Recorded data:
BEGIN

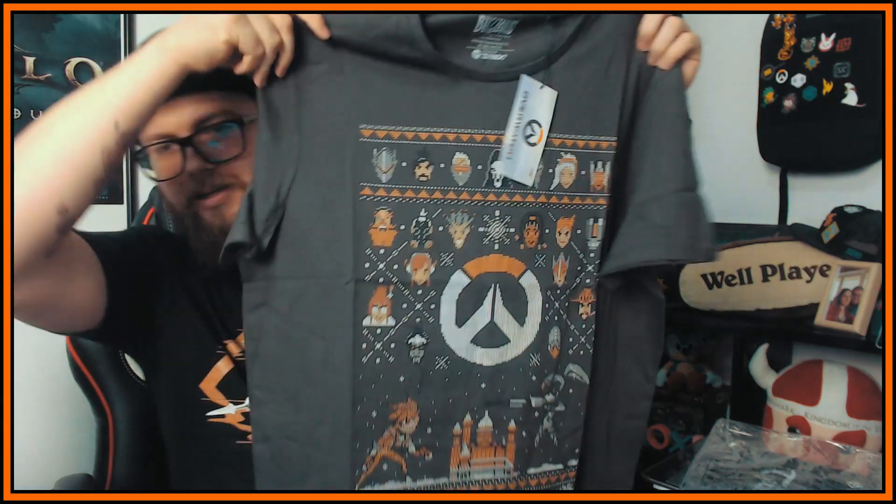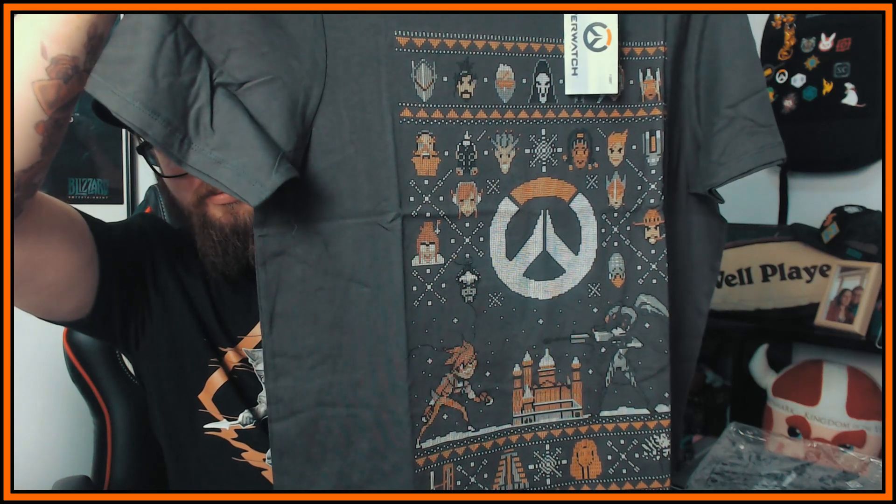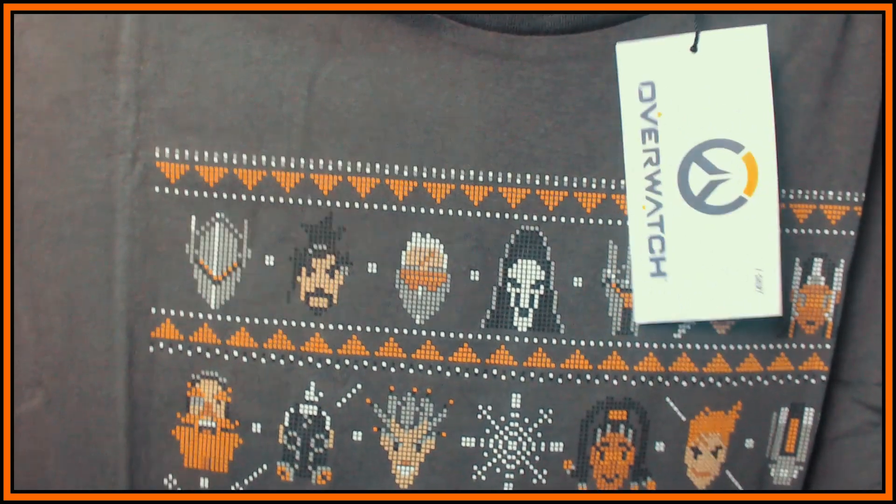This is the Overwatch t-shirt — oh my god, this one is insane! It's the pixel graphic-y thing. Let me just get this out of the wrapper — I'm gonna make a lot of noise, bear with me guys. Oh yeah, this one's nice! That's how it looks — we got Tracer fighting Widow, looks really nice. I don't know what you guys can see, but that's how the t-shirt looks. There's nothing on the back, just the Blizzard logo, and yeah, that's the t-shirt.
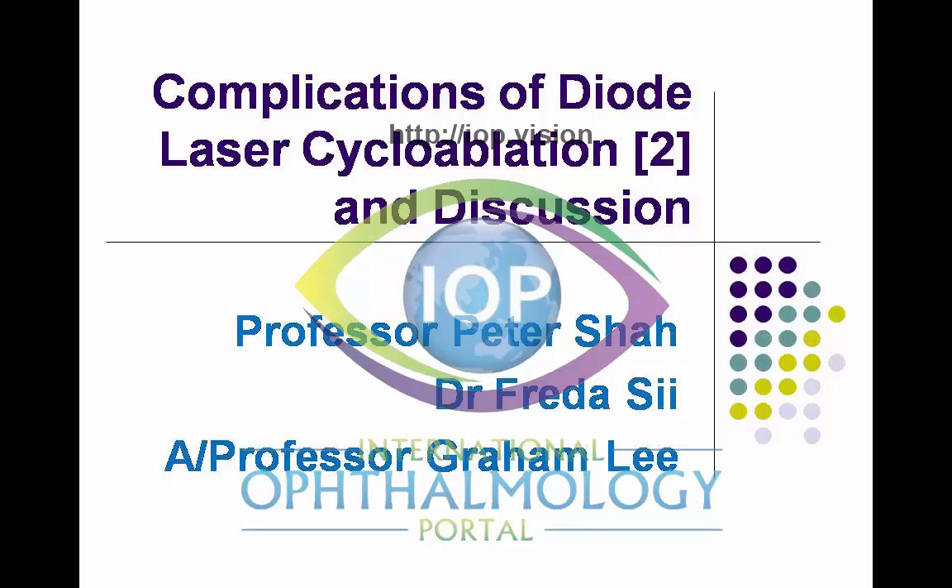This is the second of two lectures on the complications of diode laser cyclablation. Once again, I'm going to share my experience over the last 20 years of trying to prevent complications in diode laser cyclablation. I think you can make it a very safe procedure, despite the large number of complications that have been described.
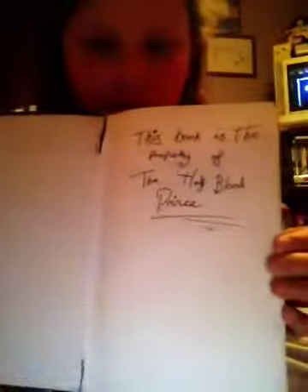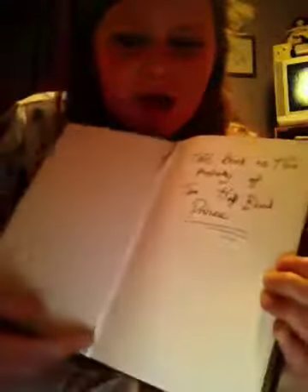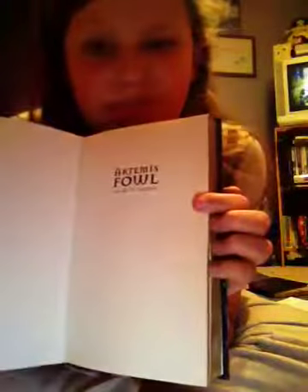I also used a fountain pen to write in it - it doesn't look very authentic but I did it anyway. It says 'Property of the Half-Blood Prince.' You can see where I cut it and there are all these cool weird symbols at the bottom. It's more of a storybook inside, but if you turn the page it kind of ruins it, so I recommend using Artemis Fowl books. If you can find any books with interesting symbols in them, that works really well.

END
BEGIN

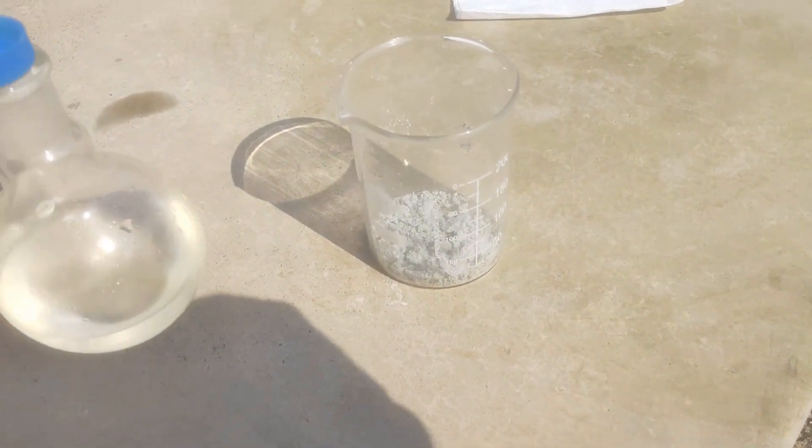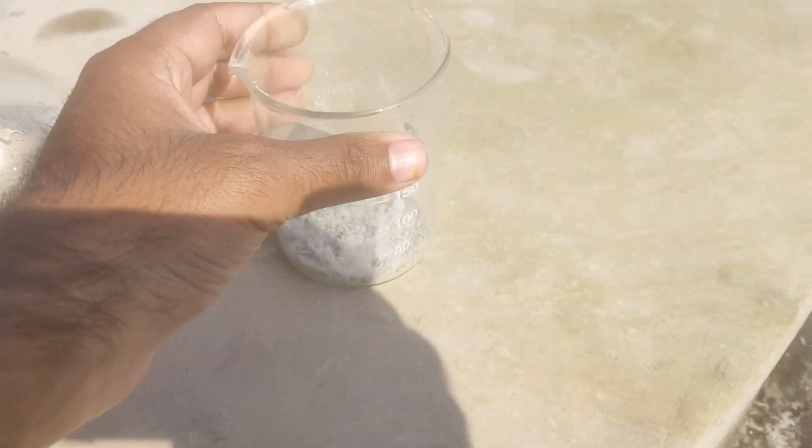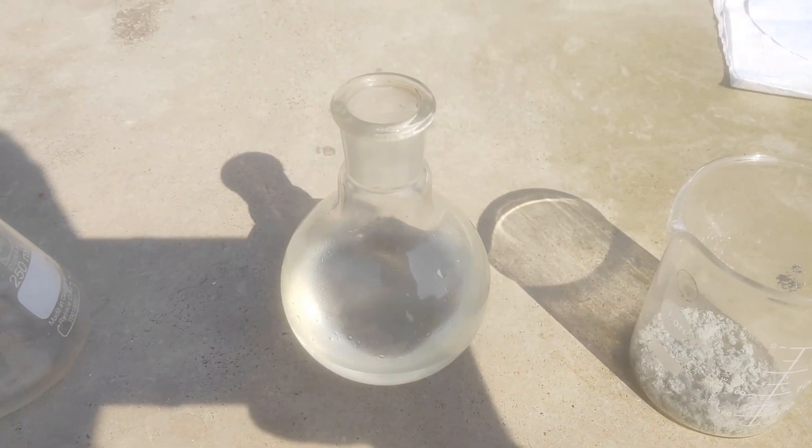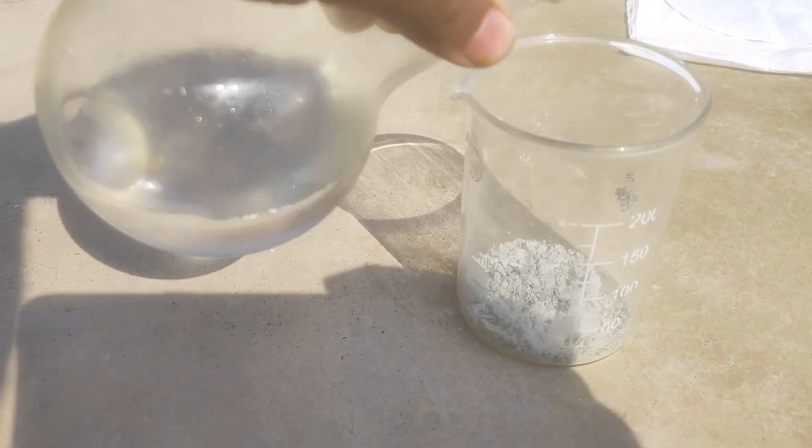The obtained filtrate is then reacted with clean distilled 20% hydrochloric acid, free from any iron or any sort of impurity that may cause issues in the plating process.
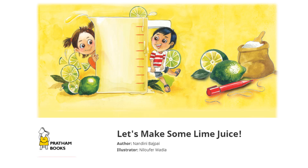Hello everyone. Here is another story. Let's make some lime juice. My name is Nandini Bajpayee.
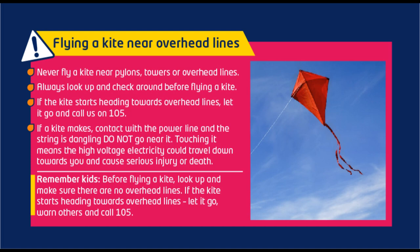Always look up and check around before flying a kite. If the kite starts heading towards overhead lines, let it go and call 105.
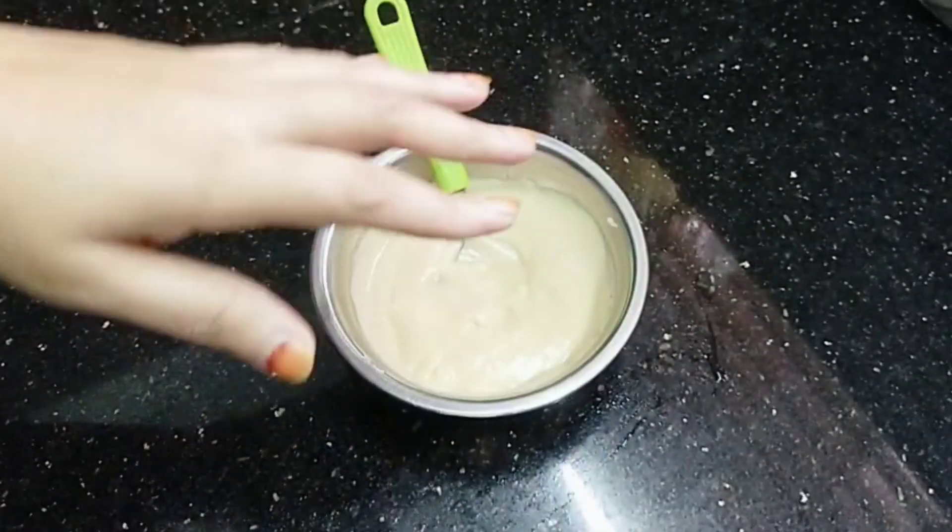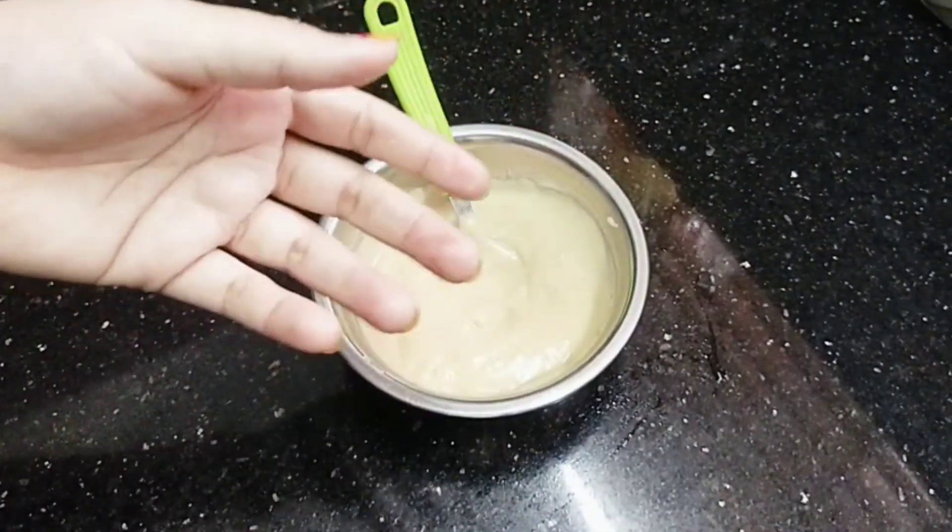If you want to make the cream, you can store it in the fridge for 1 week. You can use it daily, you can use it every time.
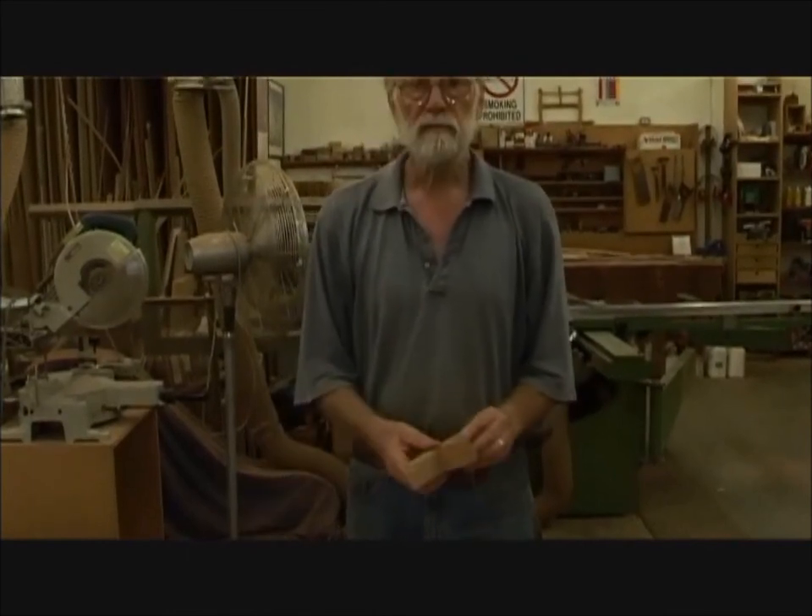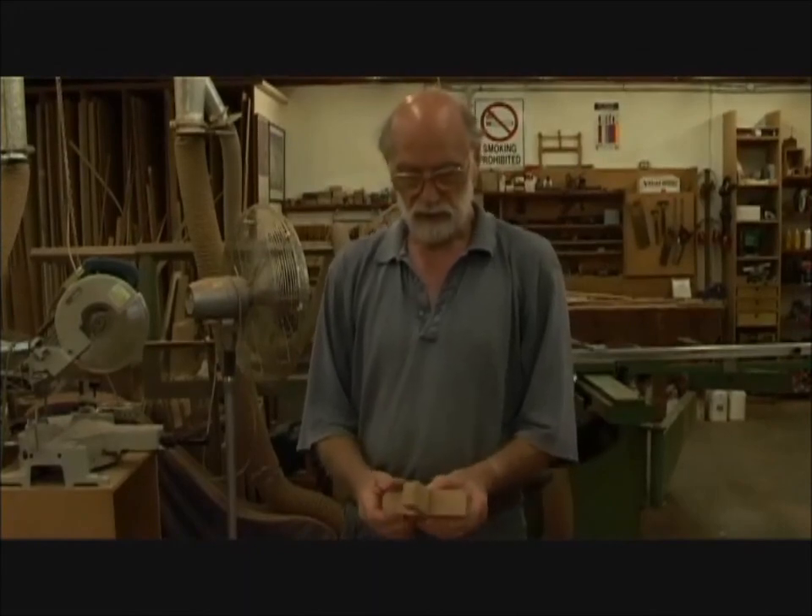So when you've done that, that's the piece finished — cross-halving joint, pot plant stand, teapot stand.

END

Task directions:
Transcribe, word for word, the lines of the listing above from the one that contains "The obtained filtrate" through the one that contains "So when you've", keeping both ends and dropping the pictures.

Response:
The obtained filtrate is then reacted with clean distilled 20% hydrochloric acid, free from any iron or any sort of impurity that may cause issues in the plating process.
Hello everyone. Here is another story. Let's make some lime juice. My name is Nandini Bajpayee.
Always look up and check around before flying a kite. If the kite starts heading towards overhead lines, let it go and call 105.
If you want to make the cream, you can store it in the fridge for 1 week. You can use it daily, you can use it every time.
So when you've done that, that's the piece finished — cross-halving joint, pot plant stand, teapot stand.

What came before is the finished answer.